Only the lines below from the one with "ROBE BEA SATIN" through the one with "Item preview, Less" are to be written out, exactly and without any images.

Information:
......
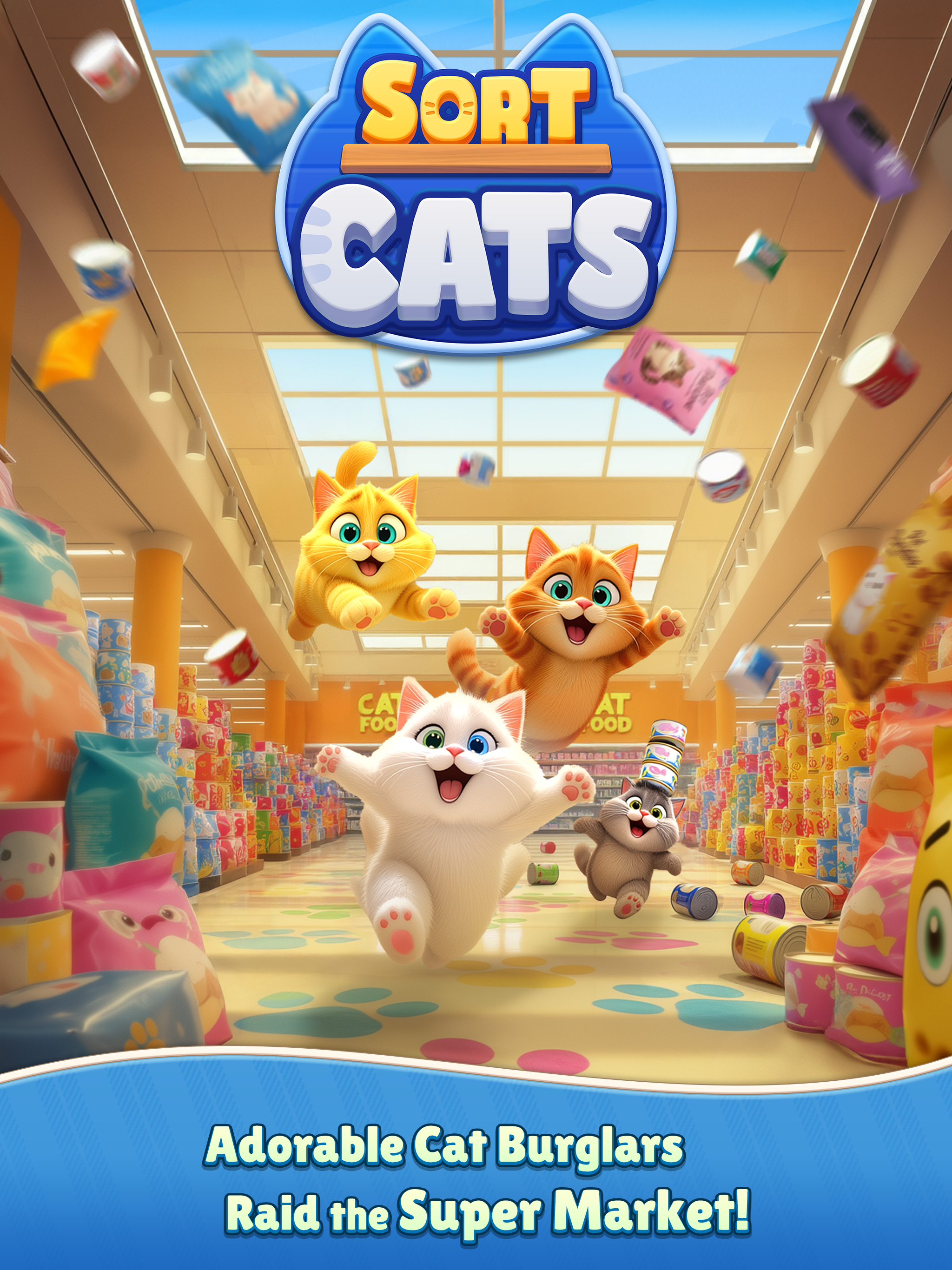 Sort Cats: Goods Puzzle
......
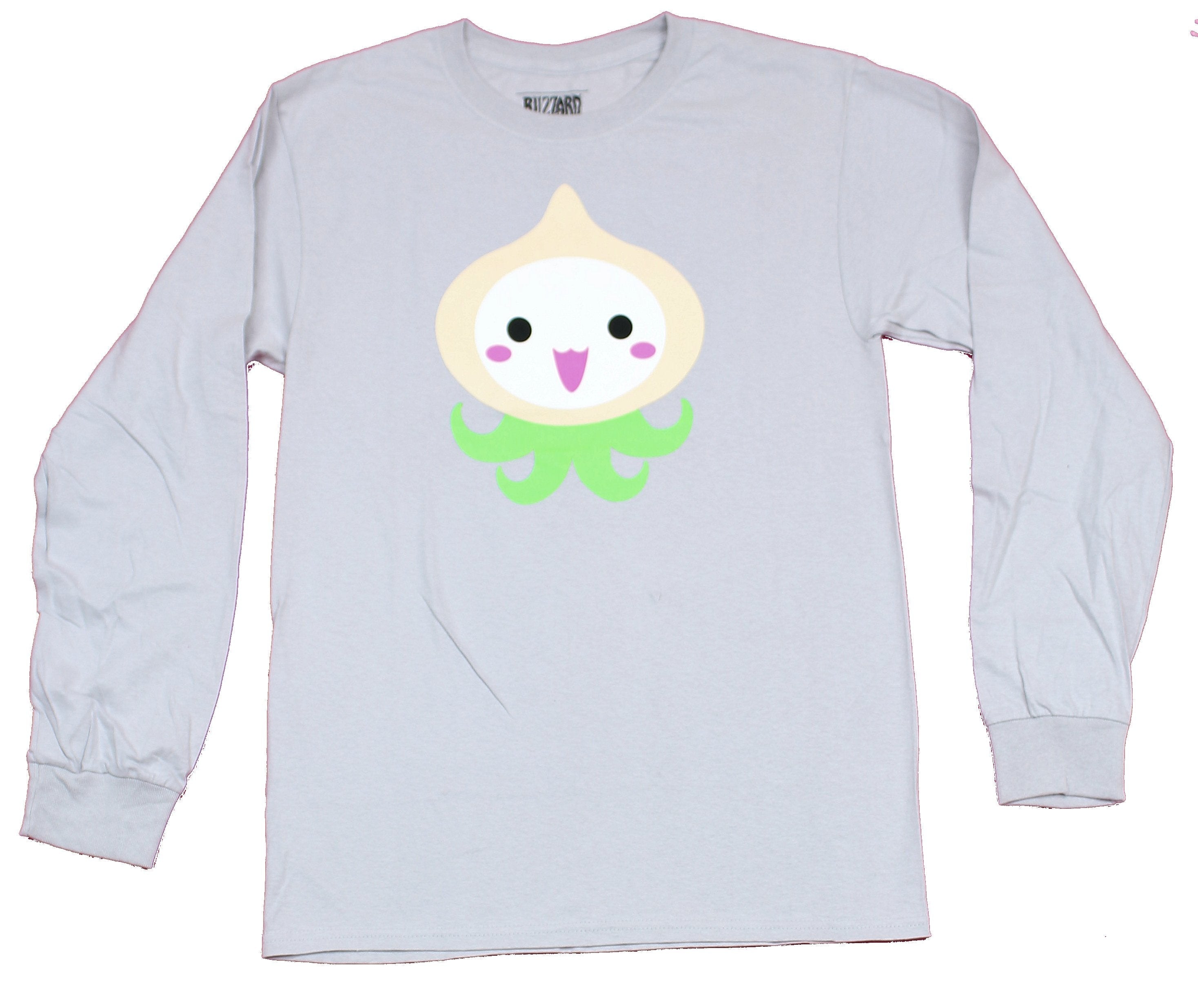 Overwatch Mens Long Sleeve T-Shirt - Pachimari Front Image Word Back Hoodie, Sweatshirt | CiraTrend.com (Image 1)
......
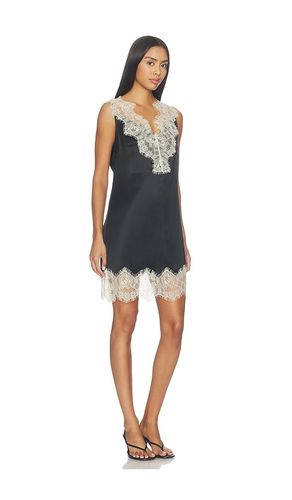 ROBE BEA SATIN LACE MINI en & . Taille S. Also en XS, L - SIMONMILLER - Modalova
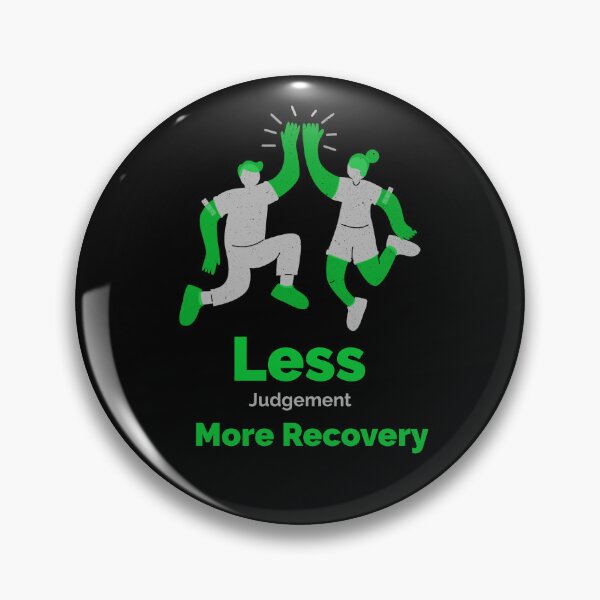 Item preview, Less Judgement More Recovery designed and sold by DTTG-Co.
......
Your solution:
 ROBE BEA SATIN LACE MINI en & . Taille S. Also en XS, L - SIMONMILLER - Modalova
 Item preview, Less Judgement More Recovery designed and sold by DTTG-Co.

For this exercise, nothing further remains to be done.